The report released Friday is a vindication for Windsor residents. They call it a hum, but that’s too gentle a word. Recordings of the phenomenon posted online reveal the “Windsor hum” is more akin to the hell of living above a dubstep club. It’s a bassline thrum so low in frequency as to be undetectable in recordings without the use of quality headphones or expensive speakers. Drake could mix it into his next hit song.
The hum is so inescapable that thousands of people have complained about it. Their discomfort, as well as their worries about the hum’s potential harm to their health, prompted provincial and federal government departments to investigate. The deployment of two portable infrasound arrays over the course of a month confirmed the existence of a low-frequency signal. Scientists were unable to detect common signals on the two arrays, which would have allowed them to precisely pinpoint the source. But they believe it is coming from blast-furnace operations on Zug Island.
It must be good for Windsor residents to be reassured by science that they aren’t hearing (and feeling) things that don’t exist, and also that this is not seismic activity or the rumblings of a giant lizard that gorged itself on radiation and is coming out of dormancy (it’s possible). But the next steps will be complicated. This is now a cross-border issue. Diplomacy is involved. So is industry. The U.S. Steel blast-furnace operations suspected of being the source of the hum can’t be expected to cheerfully shoulder Canada’s blame.
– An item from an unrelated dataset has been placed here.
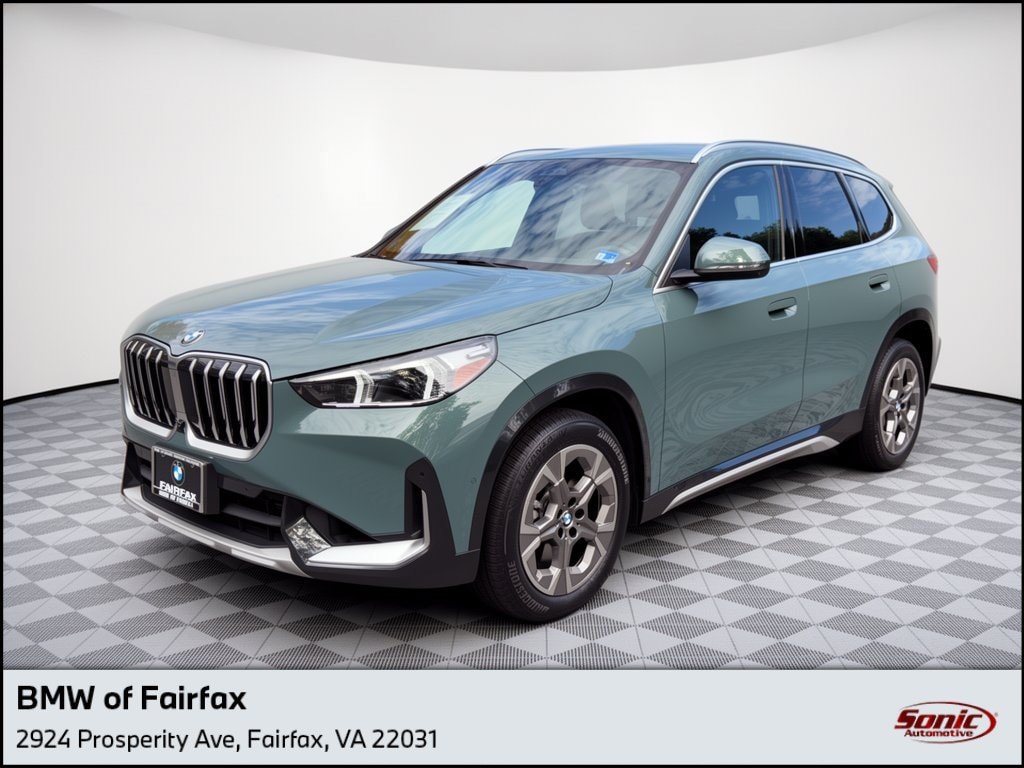 Certified 2026 BMW X1 xDrive28i SUV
They might even hire their own scientists, who could sow doubt about the findings of last week’s study. PR spokespeople might say the hum could be anything: trucks on the highway; losers grumbling as they leave the Windsor casino; the return of the electric chair in Tennessee (it’s possible). Republican politicians could raise the possibility of a conspiracy and slyly invoke Canada’s “European” tendencies (French, health care, gun control).
This could be a long haul for Windsor residents. Our sympathies are with them. We’ve all seen how these things can go.